一般的に、彼は豊後の大友宗麟に仕えていた大谷盛治の子だとされている。
しかし彼の出自には諸説あり、近江国出身とするのが有力だとも言われていて、定かでない。彼が初めて史料に登場するのは、19歳の時である。16歳の頃より羽柴秀吉に仕えていたとされる吉継は、馬廻衆として1577年(天正5年)より彼の中国攻めに従った。播磨国に侵攻し、秀吉が上月城、三木城と攻めていく中で、吉継もその戦いに加わっている。

1583年(天正11年)、織田信長の死後、その後継者をめぐって賤ヶ岳の戦いが勃発。吉継はまたしても羽柴軍として戦いに参加した。この戦いで特に活躍した者たちが「賤ヶ岳七本槍」の名で有名だが、吉継や三成はその中に入っていないものの、それに劣らないほどの活躍をしたと伝えられている。
このように秀吉のもとで戦功を重ねた吉継は、1585年(天正13年)に従五位下刑部少輔に任じられる。こうして吉継は、政権の中心を担う存在となったのだ。

さて、そんな吉継が5万石の城主となったのは、1589年(天正17年)のことである。

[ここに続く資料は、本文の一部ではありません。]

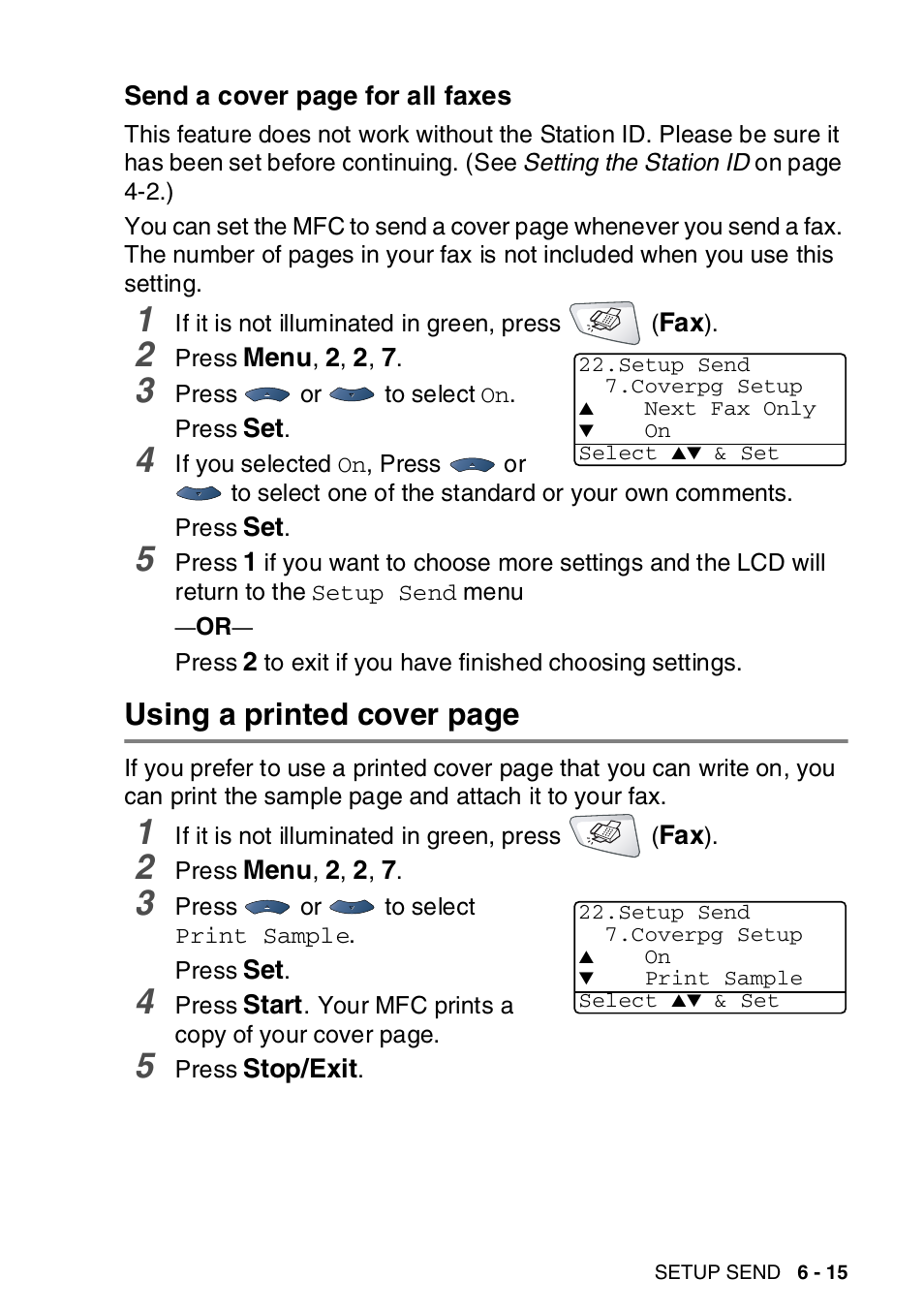 Using a printed cover page | Brother MFC-8820DN User Manual | Page 115 / 421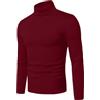QIXING Top Termico Uomo Manica Lunga Dolcevita Camicia Invernale Termica Uomo (Grigio Chiaro S), bordeaux, M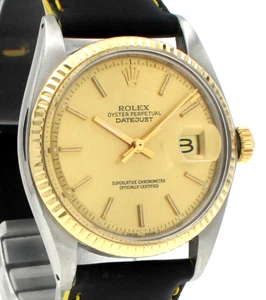 Vintage ROLEX Oyster Perpetual Datejust 36mm Gold Dial Gold & Steel Men's Watch - Picture 1 of 5
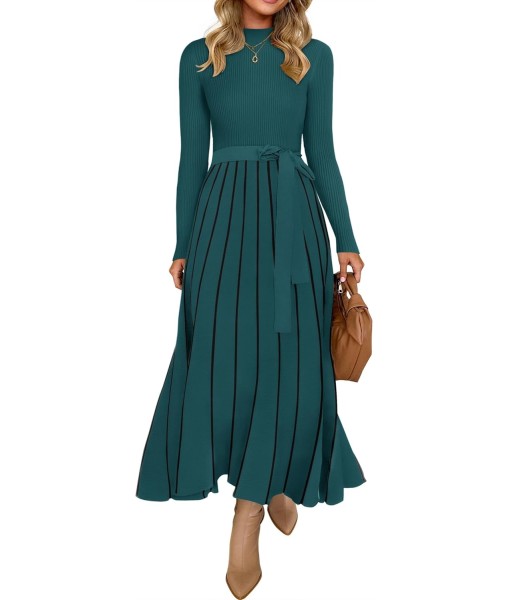 ZESICA Womens 2025 Fall Turtleneck Long Sleeve Sweater Dress Tie Waist Casual Loose Ribbed Knit A Line Midi Dresses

この年、越前国敦賀城主であった蜂屋頼隆が亡くなった。ところが頼隆には跡継ぎがいなかったため、蜂屋氏はそのまま断絶となった。
その後に敦賀城に入れられたのが吉継だ。敦賀城に入る以前から、秀吉の家臣として知行地を持っていた可能性もある。だがあくまで「秀吉の家臣」という立場に過ぎなかった吉継には、5万石に見合うほどの家臣は恐らくいなかっただろう。
そこで吉継には、改易となった蜂屋氏に仕えていた家臣が、敦賀城とともにそのまま引き継がれることになった。敦賀城主時代の吉継がどのようなことをしていたのか。それを具体的に示す史料はほとんど残っていないというが、吉継が城や城下町、港などの拡張整備を行ったことは明らかとなっている。

とくに港に関しては、敦賀が北国の海運の拠点とされていたことを重視したのだと思われる。この地では船商人たちが多く活躍しており、吉継は彼らに対して諸役を免除するなどの保護をしていたようだ。
また彼に仕えることになった蜂屋氏の家臣たちについても、名前が残っている者は少ない。しかし商人たちに対する恩情を考えると、家臣たちにも同じような態度で接していたのではないだろうか。
1600年(慶長5年)、吉継は関ヶ原の戦いで三成に味方し、西軍として戦い抜いた末に自刃した。敦賀は没収され、三層の天守閣を誇っていた城も一国一城令によって1616年(元和2年)に破却された。今はもう、城跡すら残っていない。